In [2]:
from __future__ import division, absolute_import, print_function

In [1]:
import numpy as np
from wgomoku import UCT_Node, PolicyAdapter, GomokuEnvironment, GomokuState

# MCTS with UCB and policy support

In [2]:
def uct_search(game_state, policy, num_reads, verbose=0, rollout_delay=0):
    """
    """
    def _is_terminal(value):
        return value == 1 or value == -1
    
    def _choose_from(distr):
        return np.random.choice(range(5), 1, p=distr)[0]
    
    count = [0,0,0]
    root = UCT_Node(game_state)
    for read_count in range(num_reads):

        # UCB-driven selection
        leaf = root.select_leaf()
        
        # policy-advised rollout until terminal state
        leaf_priors, _,  value_estimate = policy.evaluate(leaf.game_state)

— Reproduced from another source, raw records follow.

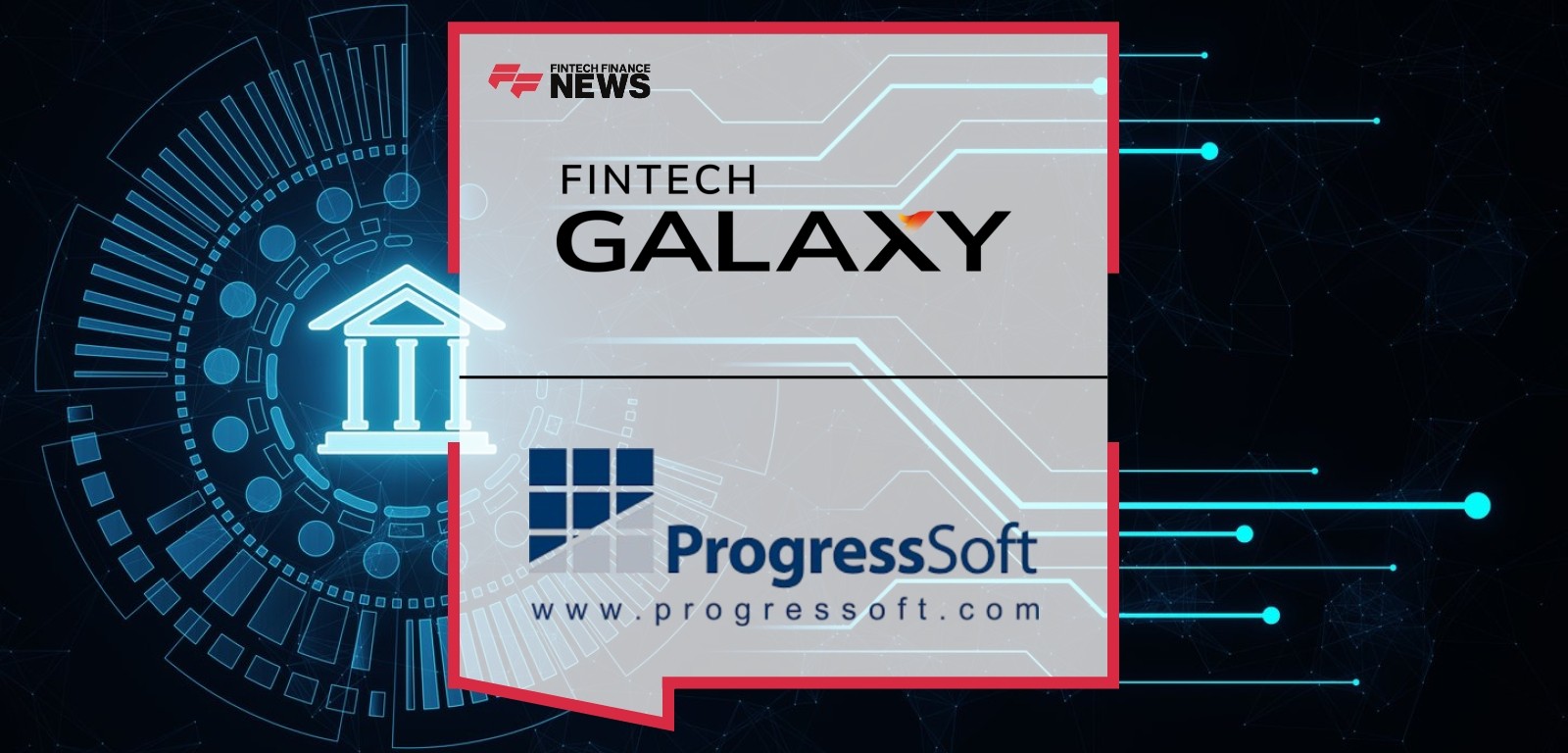 Fintech Galaxy and ProgressSoft Join Forces to Advance Open Banking in MENA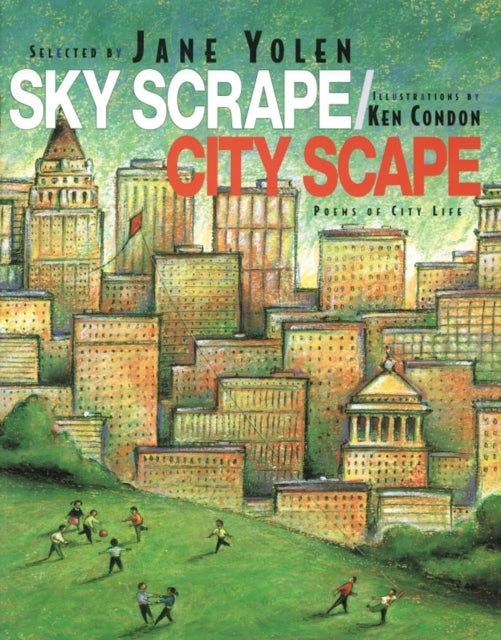 Sky Scrape/City Scape: Poems of City Life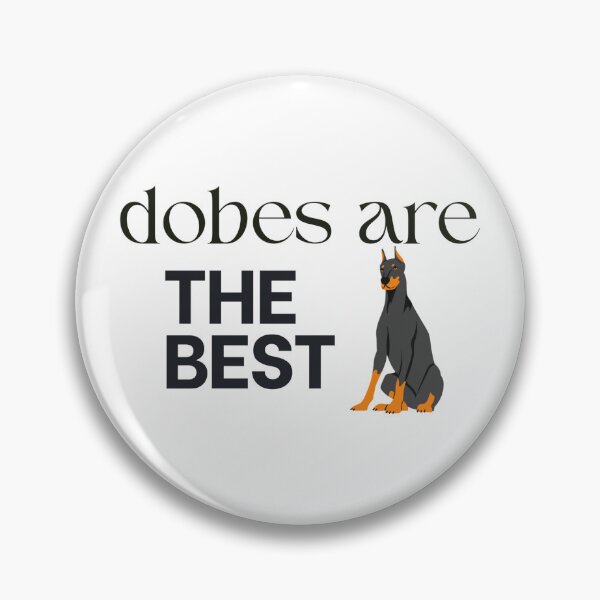 Item preview, Dobes Are The Best designed and sold by Studio Sonders.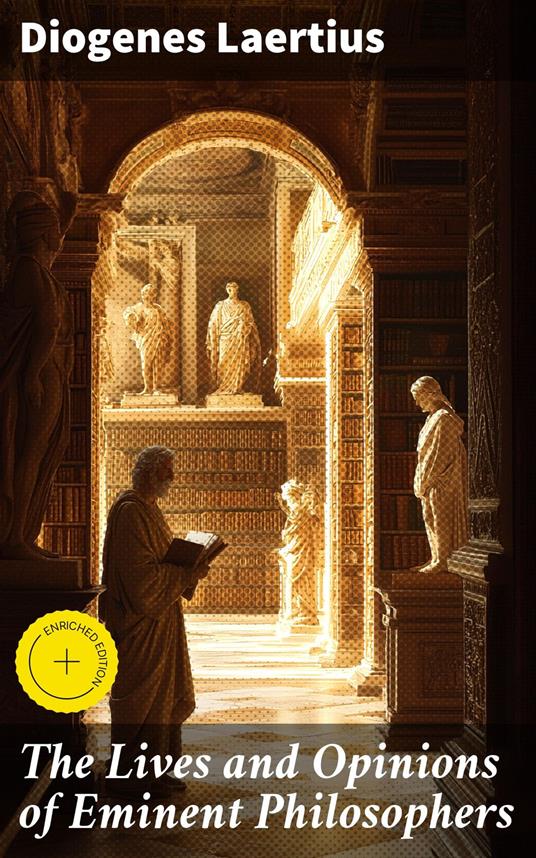 The Lives and Opinions of Eminent Philosophers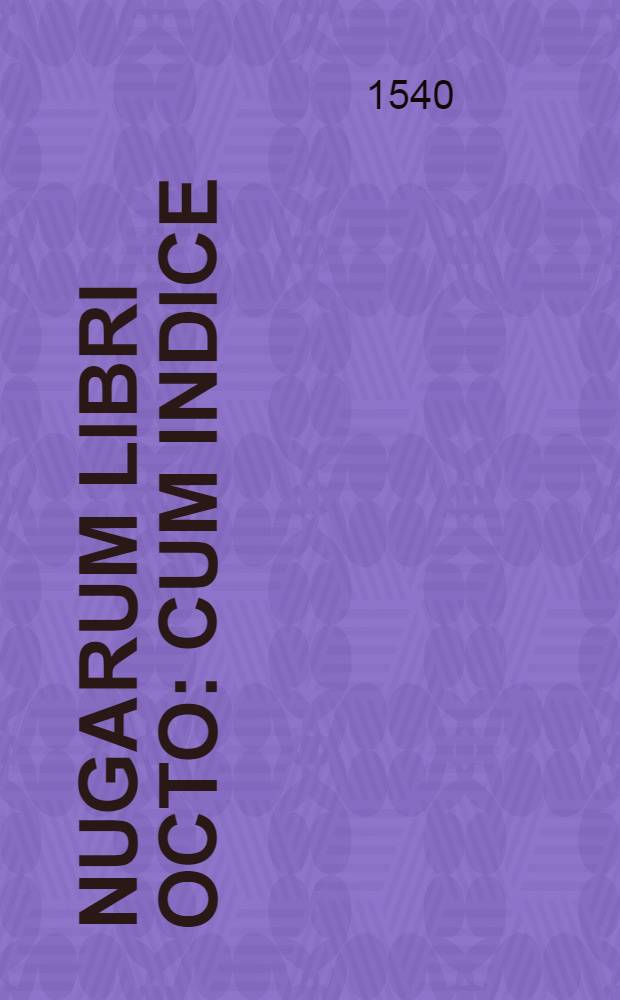 Nugarum libri octo : Cum indice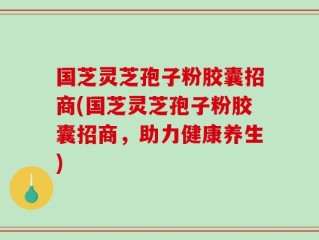 国芝灵芝孢子粉胶囊招商(国芝灵芝孢子粉胶囊招商，助力健康养生)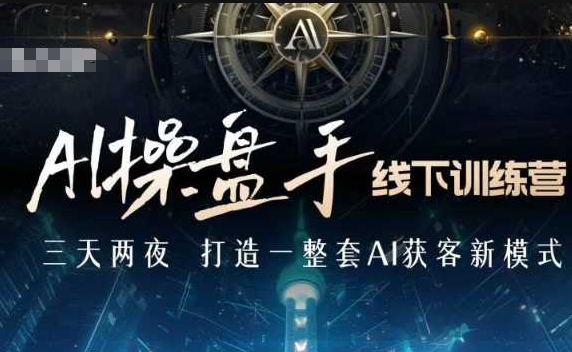 AI操盘手线下训练营，打造AI获客新模式，跟上ai时代，新商业-创业资源库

        priors = leaf_priors
        game = leaf.game_state
        
        if read_count > rollout_delay:
            while value_estimate == 0:
                move = _choose_from(priors)
                game = game.play(move)
                priors, _,  value_estimate = policy.evaluate(game, view_point = leaf.game_state.to_play )
        
        count[value_estimate+1] += 1

        if _is_terminal(value_estimate):
            if verbose > 1:
                print(leaf, leaf.game_state)
            leaf.backup(value_estimate)
        else:
            # Only expand non-terminal states
            leaf.expand(leaf_priors)
            
    if verbose > 0:
        print("Counts: %s" % count)
    move, _ = max(root.children.items(), 
               key = lambda item: item[1].number_visits)
    return root, move

In [3]:
from copy import deepcopy
class SillyGame: 
    
    def __init__(self, board):
        self.legal_actions = [1,2,3,4]
        self.n_actions = len(self.legal_actions)
        self.total = 0
        self.to_play = 1
        self.board=board

    def play(self, move):     
        if self.total + move >= len(self.board):            
            print(self)
            raise ValueError("Beyond boundary: Pos=%s, Move=%s" % (self.total,move))
        if not move in self.legal_actions:
            raise ValueError("Not a legal move: %s" %move)
        cp = deepcopy(self)
        cp.to_play *= -1
        cp.total += move
        return cp
    
    def __repr__(self):
        stone = 'x' if self.to_play==1 else 'o'
        board = self.board[:self.total] + stone + self.board[self.total+1:]
        return ("total: %02d, %s" % (self.total, board))
    

In [4]:
class SillyPolicy:

    def __init__(self, lookahead=False):
        self.lookahead = lookahead
    
    def _is_done(self, board, total):
        return board[total] == 'I'
            
    def evaluate(self, game, view_point=1):
        """
        The game is over, once any player has stepped on a mine ('I'). The other
        (obviously) has won, then. If view_point==1 (black), evaluate returns +1,
        if the next move (to_play) would be black: i.e. white stepped on the mine.
        """
        if self._is_done(game.board, game.total):
            # the opponent (previous player) lost -> I won
            return [0,0,0,0,0], 0, view_point * game.to_play
        else: 
            distr = [0,0,0,0,0]
            array = [1,2,3,4]
            np.random.shuffle(array)
            if not self.lookahead:
                return [0., .25,  .25,  .25,  .25], array[0], 0
            for n in array:
                
                #
                #  TODO: This logic is ill. It'll default to n=1 unless that's fatal
                #  then 2 unless that's fatal, etc.
                #
                if not self._is_done(game.board, game.total+n):
                    distr[n] = 1
                    return distr, n, 0
            # Can't move -> from the viewpoint of the one to play: Bad!
            return distr, 0, - view_point * game.to_play
                    

In [5]:
p = SillyPolicy()
g = SillyGame('..-...I-.II.-....-III....-....-IIII')
print(g)
p._is_done(g.board, 6), p._is_done(g.board, 7)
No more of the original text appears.